Paradoxalement, bien qu’étant un individu structuré par le gout de l’Ordre, il peut manifester une certaine jouissance à montrer comment il a grugé, fraudé, contourné la loi.

Cet écrasement de toute vie subjective dans son rapport à l’autre, rendant impossible tout échange et toute discussion provoque chez l’interlocuteur une très grande violence interne. Cette violence est de prime abord peu compréhensible dans une situation somme toute banale. Elle s’exprime le plus souvent par la colère. Alors, celui qui subit la situation peut en arriver à crier pour se dégager de cette forme d’emprise.

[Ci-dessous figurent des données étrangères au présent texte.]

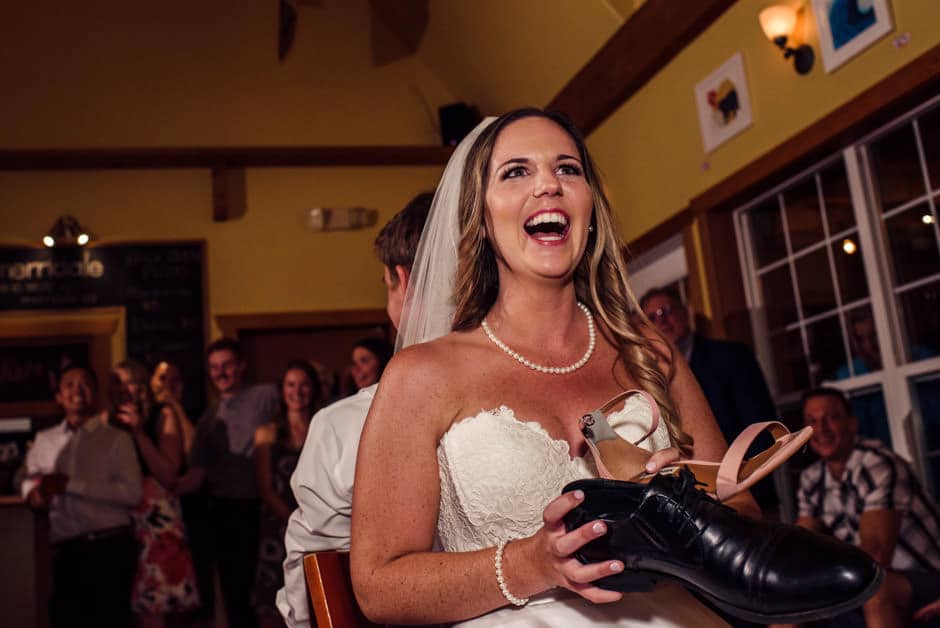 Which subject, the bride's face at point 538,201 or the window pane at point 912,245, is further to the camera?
the window pane at point 912,245

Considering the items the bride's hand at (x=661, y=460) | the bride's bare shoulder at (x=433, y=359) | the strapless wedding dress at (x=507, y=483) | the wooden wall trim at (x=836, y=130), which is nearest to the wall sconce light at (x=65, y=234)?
the wooden wall trim at (x=836, y=130)

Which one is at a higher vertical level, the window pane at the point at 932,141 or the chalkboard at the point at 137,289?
the chalkboard at the point at 137,289

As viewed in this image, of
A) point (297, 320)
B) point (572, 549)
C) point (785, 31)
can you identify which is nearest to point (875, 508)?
point (785, 31)

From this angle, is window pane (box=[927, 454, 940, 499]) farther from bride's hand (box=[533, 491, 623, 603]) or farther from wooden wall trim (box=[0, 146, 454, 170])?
wooden wall trim (box=[0, 146, 454, 170])

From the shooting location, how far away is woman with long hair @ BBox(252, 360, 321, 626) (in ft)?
13.9

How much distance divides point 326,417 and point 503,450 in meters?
0.68

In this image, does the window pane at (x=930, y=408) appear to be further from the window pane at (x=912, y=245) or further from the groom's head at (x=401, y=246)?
the groom's head at (x=401, y=246)

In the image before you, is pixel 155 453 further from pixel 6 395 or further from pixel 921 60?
pixel 921 60

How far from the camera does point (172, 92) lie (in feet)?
25.1

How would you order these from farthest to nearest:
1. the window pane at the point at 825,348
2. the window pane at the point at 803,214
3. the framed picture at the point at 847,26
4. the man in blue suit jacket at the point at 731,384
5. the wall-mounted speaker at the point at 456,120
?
the wall-mounted speaker at the point at 456,120, the window pane at the point at 803,214, the window pane at the point at 825,348, the framed picture at the point at 847,26, the man in blue suit jacket at the point at 731,384

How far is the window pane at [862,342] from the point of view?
4.30 m

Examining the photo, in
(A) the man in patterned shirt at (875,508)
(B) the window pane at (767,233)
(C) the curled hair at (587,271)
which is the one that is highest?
(B) the window pane at (767,233)

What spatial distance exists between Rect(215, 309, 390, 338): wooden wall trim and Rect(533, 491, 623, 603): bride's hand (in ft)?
20.6

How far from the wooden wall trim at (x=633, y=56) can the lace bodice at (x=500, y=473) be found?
12.1ft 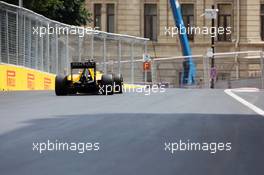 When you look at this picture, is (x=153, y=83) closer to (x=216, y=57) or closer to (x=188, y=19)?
(x=216, y=57)

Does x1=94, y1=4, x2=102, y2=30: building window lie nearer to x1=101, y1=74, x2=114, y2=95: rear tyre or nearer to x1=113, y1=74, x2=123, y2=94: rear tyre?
x1=113, y1=74, x2=123, y2=94: rear tyre

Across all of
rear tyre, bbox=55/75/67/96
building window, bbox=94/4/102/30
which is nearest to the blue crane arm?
building window, bbox=94/4/102/30

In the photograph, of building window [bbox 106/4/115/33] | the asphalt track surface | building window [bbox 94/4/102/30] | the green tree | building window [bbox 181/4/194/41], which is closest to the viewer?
the asphalt track surface

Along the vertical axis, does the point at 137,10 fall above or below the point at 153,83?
above

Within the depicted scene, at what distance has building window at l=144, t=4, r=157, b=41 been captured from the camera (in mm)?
63625

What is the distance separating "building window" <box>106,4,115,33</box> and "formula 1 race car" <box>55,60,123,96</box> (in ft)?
129

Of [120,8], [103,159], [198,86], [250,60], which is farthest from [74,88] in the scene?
[120,8]

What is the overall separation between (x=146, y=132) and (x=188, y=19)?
175 ft

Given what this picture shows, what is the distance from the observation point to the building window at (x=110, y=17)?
6334 centimetres

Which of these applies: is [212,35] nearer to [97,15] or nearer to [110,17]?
[110,17]

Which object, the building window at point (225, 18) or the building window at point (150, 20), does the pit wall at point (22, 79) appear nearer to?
the building window at point (150, 20)

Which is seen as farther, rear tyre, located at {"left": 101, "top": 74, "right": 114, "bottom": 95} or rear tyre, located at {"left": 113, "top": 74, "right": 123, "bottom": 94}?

Ce type de relation provoque des dégâts dans l’entourage

  • Dans le couple, la relation d’altérité étant privée de subjectivité et d’ambiguïté, Éros se trouve réduit à un échange sexuel formel avec, au mieux, de la serviabilité mais sans aucune trace de tendresse et d’amour.
  • Dans la vie de famille, lorsque l’un des deux parents se manifeste ainsi, il se place en position de pouvoir. Par conséquent, la violence, l’agressivité et la colère deviennent le mode principal d’échange intrafamilial.
  • Au sein d’une famille,  lorsqu’un des enfants se manifeste ainsi, un processus d’exclusion vient attaquer les liens de l’ensemble de la famille.
  • Dans le travail, c’est là que les dégâts sont les plus importants. Lorsqu’un patron est diagnostiqué tel, le processus s’étend en pelure d’oignon dans toute l’entreprise et tous les employés en font les frais. La souffrance au travail devient rapidement intenable avec son cortège d’arrêts de travail et de difficultés dans la gestion des ressources humaines. Le processus « mimétique » peut aller jusqu’à mettre en péril l’avenir de l’entreprise.

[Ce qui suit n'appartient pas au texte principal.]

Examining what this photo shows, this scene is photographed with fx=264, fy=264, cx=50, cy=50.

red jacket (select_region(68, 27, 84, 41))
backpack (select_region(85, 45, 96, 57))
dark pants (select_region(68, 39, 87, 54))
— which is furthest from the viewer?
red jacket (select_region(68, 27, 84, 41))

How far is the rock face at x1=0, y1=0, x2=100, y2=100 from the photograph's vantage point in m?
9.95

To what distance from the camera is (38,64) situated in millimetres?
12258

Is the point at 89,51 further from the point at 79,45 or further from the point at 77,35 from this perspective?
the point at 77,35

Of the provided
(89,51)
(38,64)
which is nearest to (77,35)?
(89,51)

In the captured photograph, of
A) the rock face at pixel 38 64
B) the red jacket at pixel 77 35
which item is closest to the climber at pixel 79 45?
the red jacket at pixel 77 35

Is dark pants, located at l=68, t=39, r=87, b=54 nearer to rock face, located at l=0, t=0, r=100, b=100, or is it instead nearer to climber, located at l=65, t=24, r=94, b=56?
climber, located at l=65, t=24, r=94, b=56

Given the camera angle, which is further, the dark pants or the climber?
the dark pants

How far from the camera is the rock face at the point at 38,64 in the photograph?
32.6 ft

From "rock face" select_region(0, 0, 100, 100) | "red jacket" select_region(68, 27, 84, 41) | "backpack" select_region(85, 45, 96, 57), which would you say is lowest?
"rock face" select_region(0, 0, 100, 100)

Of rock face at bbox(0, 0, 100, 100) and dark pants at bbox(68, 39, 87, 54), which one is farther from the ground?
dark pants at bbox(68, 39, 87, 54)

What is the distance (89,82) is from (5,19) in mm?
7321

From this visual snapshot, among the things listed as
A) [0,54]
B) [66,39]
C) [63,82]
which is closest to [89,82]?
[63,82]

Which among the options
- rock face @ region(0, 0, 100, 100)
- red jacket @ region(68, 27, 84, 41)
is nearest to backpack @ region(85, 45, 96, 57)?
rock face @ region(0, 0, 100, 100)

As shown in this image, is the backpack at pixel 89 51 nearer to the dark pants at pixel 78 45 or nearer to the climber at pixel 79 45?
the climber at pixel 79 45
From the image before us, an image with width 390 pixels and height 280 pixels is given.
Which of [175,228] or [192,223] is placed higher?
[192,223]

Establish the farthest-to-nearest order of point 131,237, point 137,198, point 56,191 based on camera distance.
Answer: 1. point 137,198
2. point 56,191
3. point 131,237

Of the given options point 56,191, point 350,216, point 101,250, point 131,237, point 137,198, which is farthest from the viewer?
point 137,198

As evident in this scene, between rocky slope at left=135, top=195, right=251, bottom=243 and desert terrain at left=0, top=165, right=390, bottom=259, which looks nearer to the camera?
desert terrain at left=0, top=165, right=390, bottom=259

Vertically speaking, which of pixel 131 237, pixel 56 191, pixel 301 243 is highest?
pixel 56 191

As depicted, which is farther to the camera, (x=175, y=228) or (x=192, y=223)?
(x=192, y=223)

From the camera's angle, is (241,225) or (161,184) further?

La connerie est-elle un symptôme inscrit dans la structure psychique ou s’agit-il d’un moment « fonctionnel »?

Les psychanalystes opposent le « structurel » composé d’éléments permanents chez un individu et le « fonctionnel », état ou forme de pensée momentanés, conjoncturels.

Avouons que chacun d’entre nous à le souvenir d’avoir fait preuve de « connerie » dans une situation souvent très ancienne. On garde ce cuisant souvenir très enfoui à l’intérieur de soi. Son évocation reste vivement douloureuse : elle est accompagnée d’un sentiment de honte plus que de culpabilité.  Cela montre probablement le lien de la connerie avec « l’infantile ».

Voilà pourquoi la connerie doit être considérée comme un symptôme psychiatrique.